Jill’s eyes were searching. “Is there something else I should know?”
I took a deep breath. “I found Evan’s binder.”
“Where was it?”
“In Bryn’s Birkin Bag.”
Jill tensed. “Why were you going through her things?”
“Angus’s old girlfriend gave Bryn a gift to pass along to Angus. He never got it. Bryn hid it in her bag and stuffed the bag under some camping equipment in the back of the closet.”
Jill was clearly shaken. “Why would she do that?”
“I don’t know,” I said. “But for the moment, let’s just deal with the fact that I found the binder. I only had a chance to give it a quick glance, but almost all the notes refer to a project called The Glass Coffin.”
Jill looked genuinely baffled. “I’ve never heard of it, but Felix must have suggested the title. He grew up in a town called Marburg – same place that spawned the Brothers Grimm. They were as obsessed by the beautiful Saint Elisabeth in her glass coffin as Felix was.”
“And who is the beautiful Saint Elisabeth?” I asked.
Jill rolled her eyes. “The Church may have seared my soul, but at least it gave me a good education. St. Elisabeth of Thuringia was the princess who married her prince at fourteen, died at twenty-four, and spent her short happy life giving alms to the wretched.”
“Will there be a quiz on this?”
“Maybe on Judgement Day. Think how grateful you’ll be to me then.”
“I’m already grateful,” I said. “You and I may have had our problems, but at least we didn’t have to find our prince by the time we were fourteen.”

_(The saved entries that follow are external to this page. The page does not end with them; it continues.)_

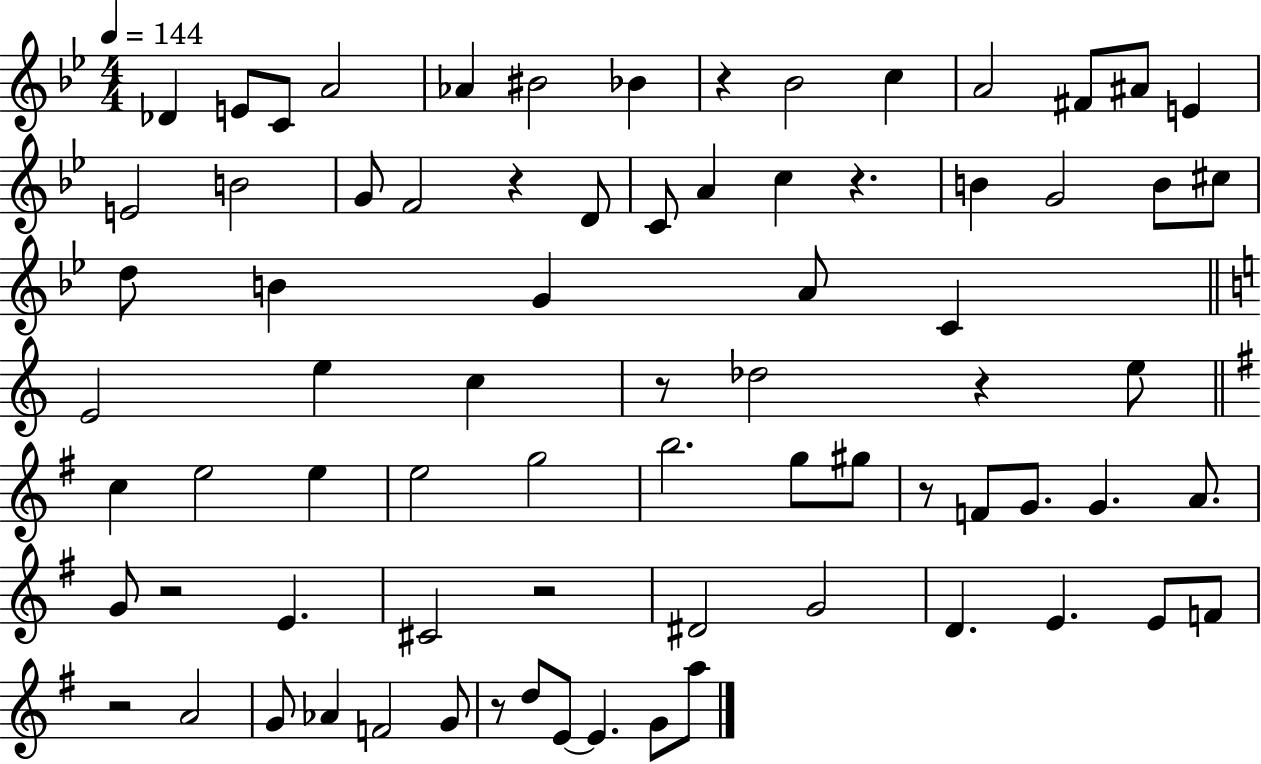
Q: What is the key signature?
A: BES major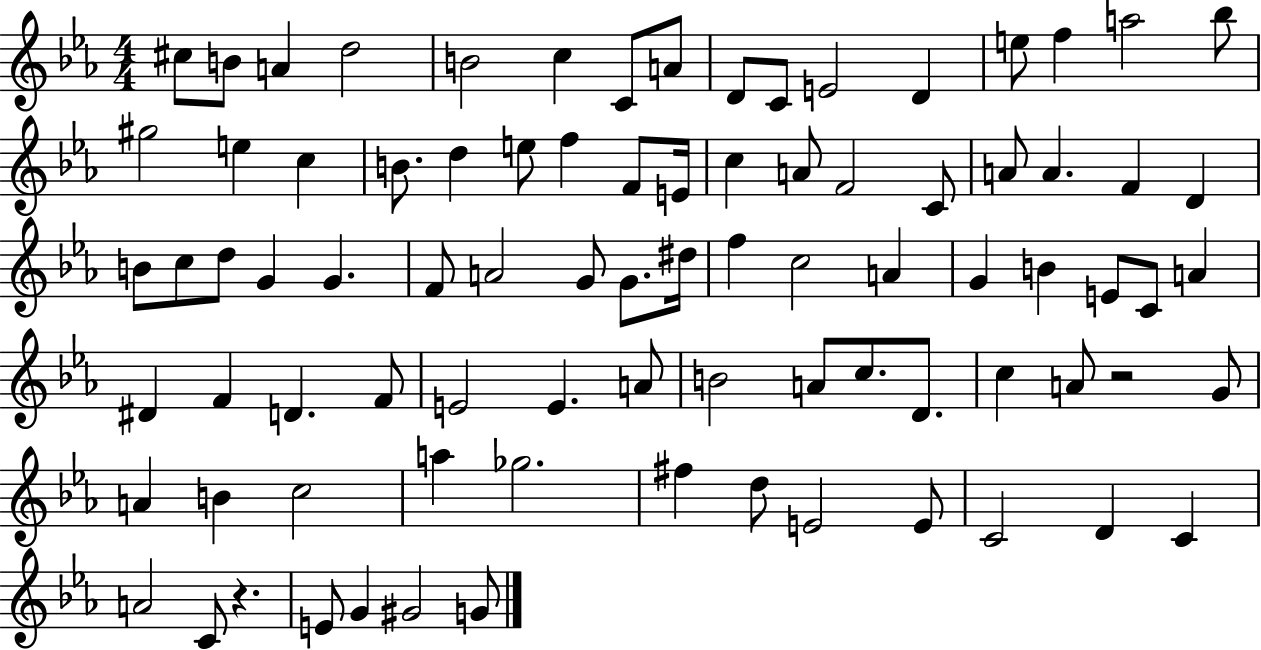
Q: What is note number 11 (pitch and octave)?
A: E4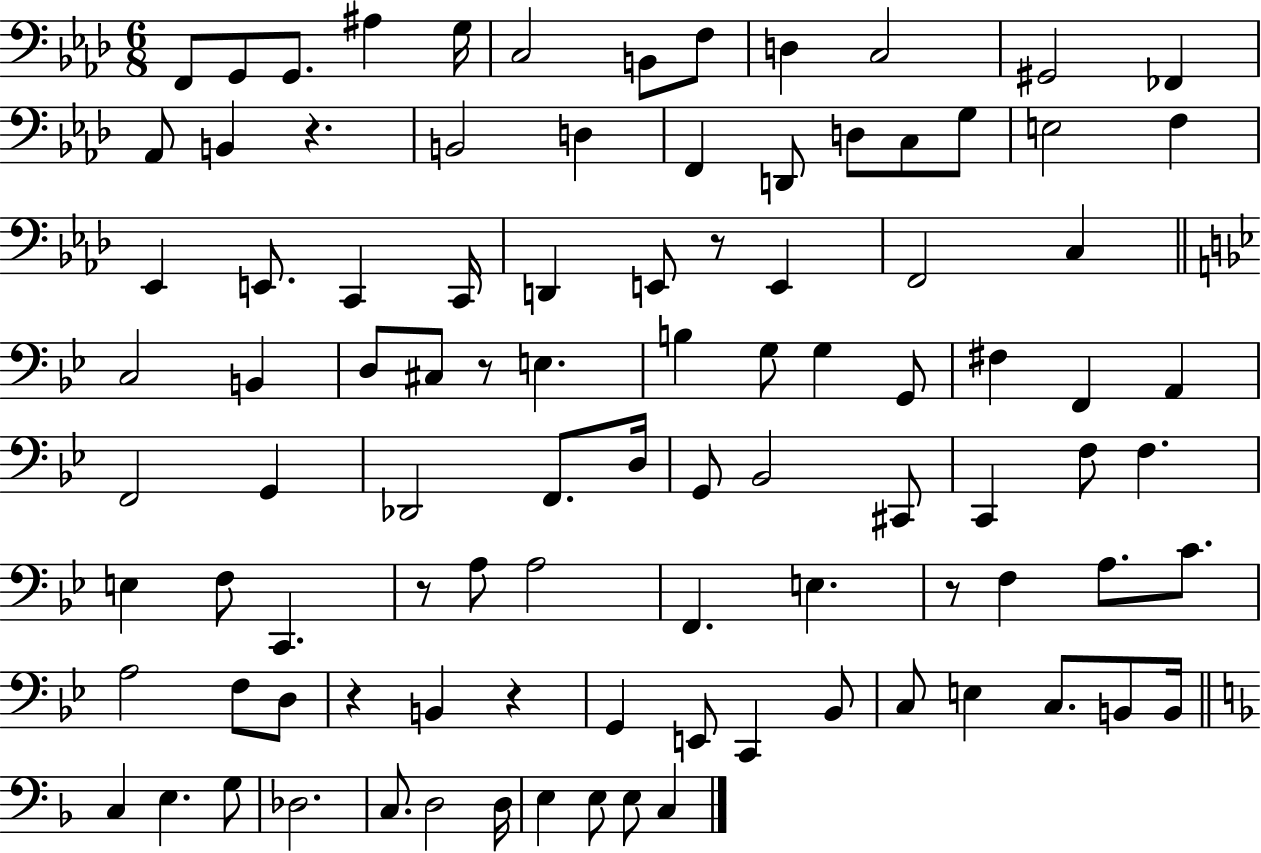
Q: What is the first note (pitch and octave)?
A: F2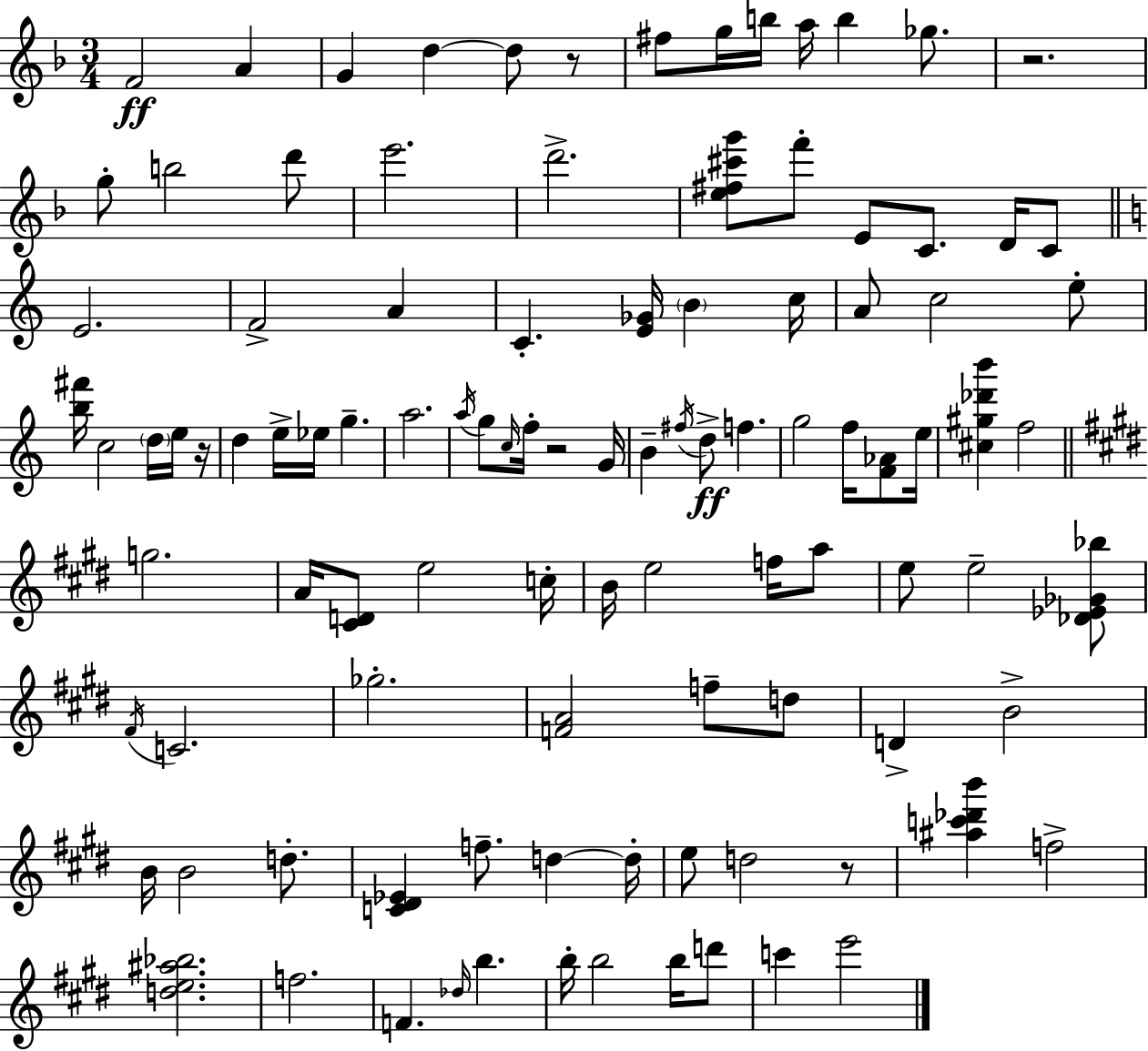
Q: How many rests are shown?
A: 5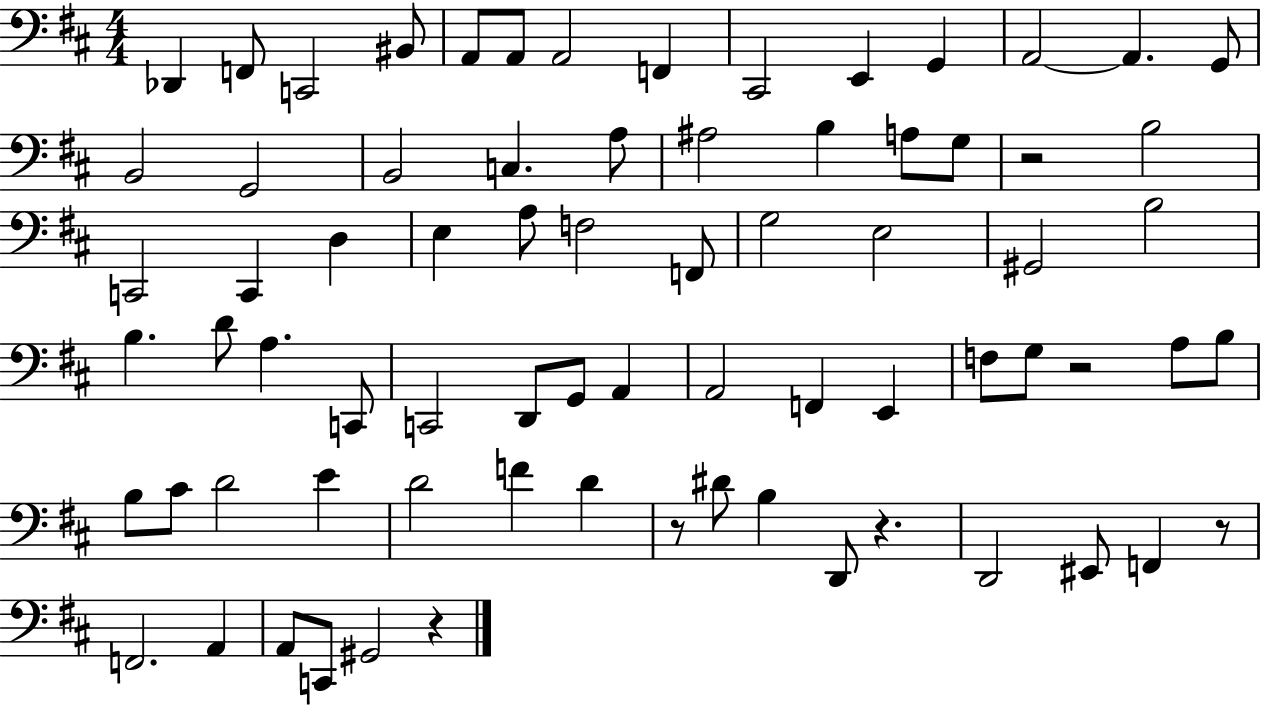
Db2/q F2/e C2/h BIS2/e A2/e A2/e A2/h F2/q C#2/h E2/q G2/q A2/h A2/q. G2/e B2/h G2/h B2/h C3/q. A3/e A#3/h B3/q A3/e G3/e R/h B3/h C2/h C2/q D3/q E3/q A3/e F3/h F2/e G3/h E3/h G#2/h B3/h B3/q. D4/e A3/q. C2/e C2/h D2/e G2/e A2/q A2/h F2/q E2/q F3/e G3/e R/h A3/e B3/e B3/e C#4/e D4/h E4/q D4/h F4/q D4/q R/e D#4/e B3/q D2/e R/q. D2/h EIS2/e F2/q R/e F2/h. A2/q A2/e C2/e G#2/h R/q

“True,” Jill said. “But we also missed out on the age of miracles. I doubt if either of us will ever have the bread we’re carrying to the poor transformed into roses.”
I felt a rush. “Now that’s interesting,” I said. “There was a note in Bryn’s bag. It said, ‘For Felix, who turned my bread into roses.’ ”
“Who was it from?”
“Someone who signed herself C.”
“Claudia?” Jill said.
“Perhaps,” I said. “But there is another possibility.”
“Caroline,” Jill said. “The woman who’s spent the past forty years in her own glass coffin. Evan never mentioned that he’d been filming his mother. But if his shot book was filled with notes about The Glass Coffin, that has to be the piece he submitted to the network.”
“And he submitted it without telling you and Felix. More secrets.”
Jill frowned. “I wonder why Evan couldn’t let us see it?”
“Maybe because there’s something in it you and Felix wouldn’t like,” I said. “Only one way to find out for sure,” I said. I checked my watch. “Why don’t I give Dan a call? If he’s still up, we could have a private showing of The Glass Coffin.”
“Best offer I’ve had all day,” Jill said. “Let’s go.”